Context State Management

The context maintains drawing state that can be saved and restored. Think of it as printing on the canvas — unless you clear it and reset the transformation matrix, whatever you put on it will remain there.

const draw = (K) => {
K.fillColor('red');
K.strokeWidth(2);
K.opacity(0.5);

K.push(); // Save state
K.fillColor('blue');
K.strokeWidth(5);
K.opacity(1);
K.rectangle(100, 100, 50, 50);
K.pop(); // Restore previous state

// Back to red, width 2, opacity 0.5
K.circle(200, 100, 25);
};

Custom Properties: useProps() vs useStorage()

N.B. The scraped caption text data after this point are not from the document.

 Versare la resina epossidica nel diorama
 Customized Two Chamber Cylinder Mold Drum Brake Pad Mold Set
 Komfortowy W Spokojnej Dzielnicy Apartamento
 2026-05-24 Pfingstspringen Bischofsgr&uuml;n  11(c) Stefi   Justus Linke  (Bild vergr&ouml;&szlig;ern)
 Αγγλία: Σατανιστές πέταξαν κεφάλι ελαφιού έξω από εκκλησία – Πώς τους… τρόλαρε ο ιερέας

You can access custom props passed to the Klint component using the useProps() hook. We try our hardest not to re-render, but sometimes we can't avoid it so we update an object that will then make the updated props available to the draw loop. It's different from useStorage() as storage is pseudo-global state and expects you to update the values within the sketch, and will not trigger a re-render.

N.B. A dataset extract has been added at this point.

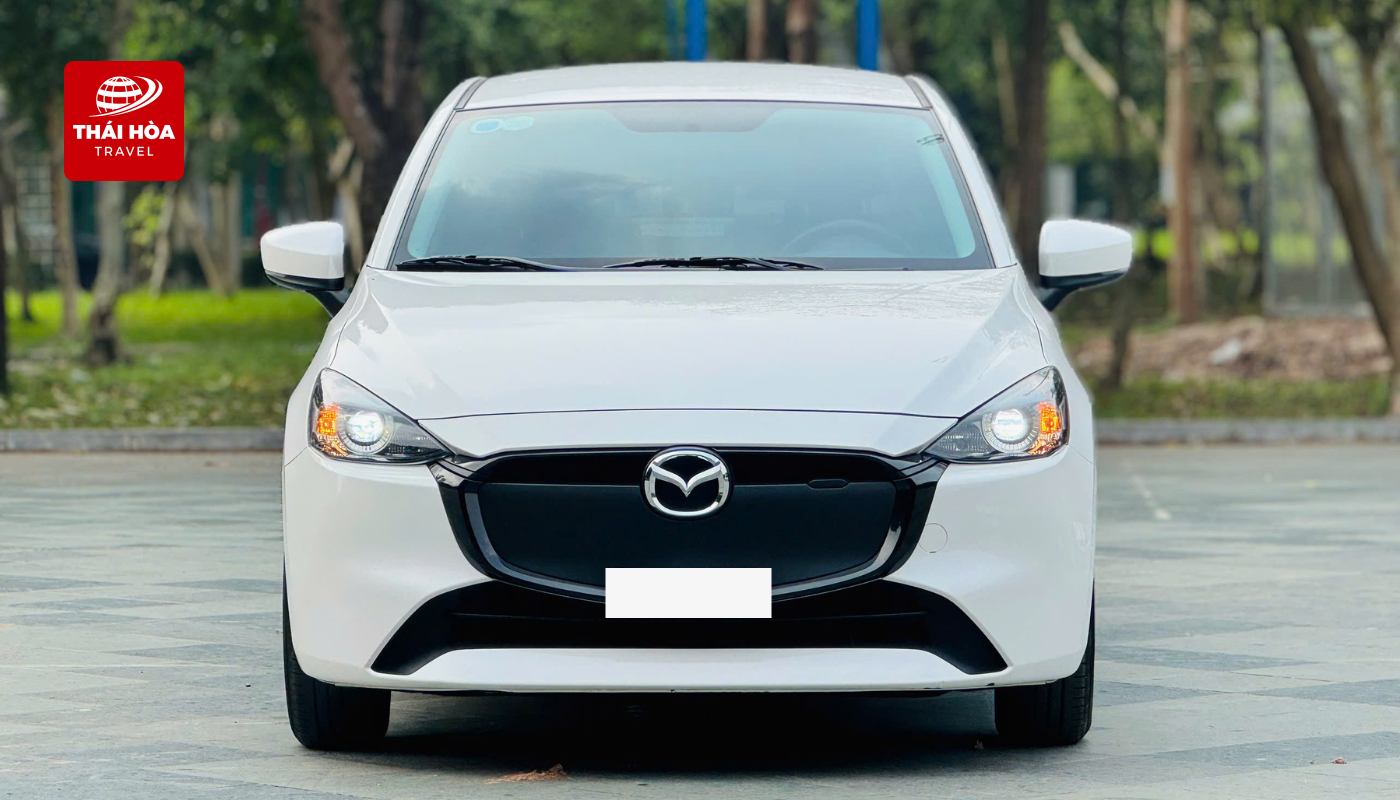 Thuê xe du lịch 4 chỗ Mazda 2 1 Mazda 2 - Sedan hạng B thiết kế trẻ trung, hiện đại,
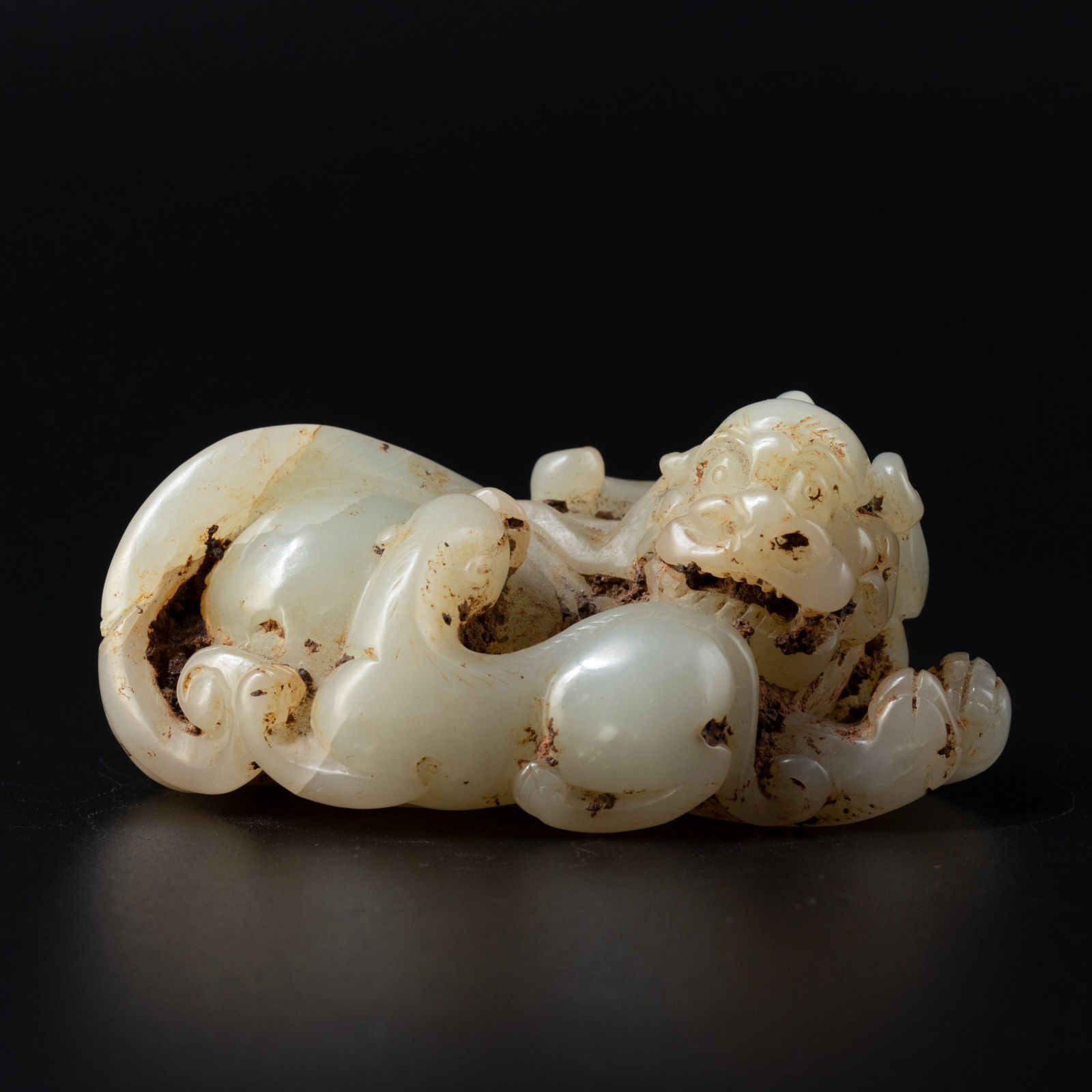 Jade Carving of Two Reclining Mythological Beasts, 15th-17th Century CE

function MySketch({ particleCount, color }) {
const { context } = useKlint();
const props = useProps({ particleCount, color });

const draw = (K) => {
K.fillColor(props.color);
for (let i = 0; i < props.particleCount; i++) {
// Draw particles
}
};

return <Klint context={context} draw={draw} />;
}

See useStorage and useProps for more details on data management patterns.

Drawing Efficiency

The rule of thumb in terms of efficiency on the 2D canvas is: Images > Strokes > Shapes > Text

  • An image is extremely cheap to render. If you can, draw on an offscreen canvas and render it.
  • A stroke is cheaper than a shape. If you need to draw circles or rectangles in batch, use short lines with a thick stroke.
  • A shape is more flexible but generally more expensive, especially in large quantities.
  • Text is the most expensive. Unless you need to animate your text, draw it to a texture and render that texture. For fast text, consider rasterized text using the FontParser plugin.

Best Practices

  1. Prefer Klint functions — They're optimized, consistent across main and offscreen context, and more readable than their vanilla version.
  2. Batch operations — Set styles once, draw many times when you can.
  3. Use push/pop — Isolate transformations and style changes.
  4. Access props via useProps and update stored values with useStorage — For dynamic component properties.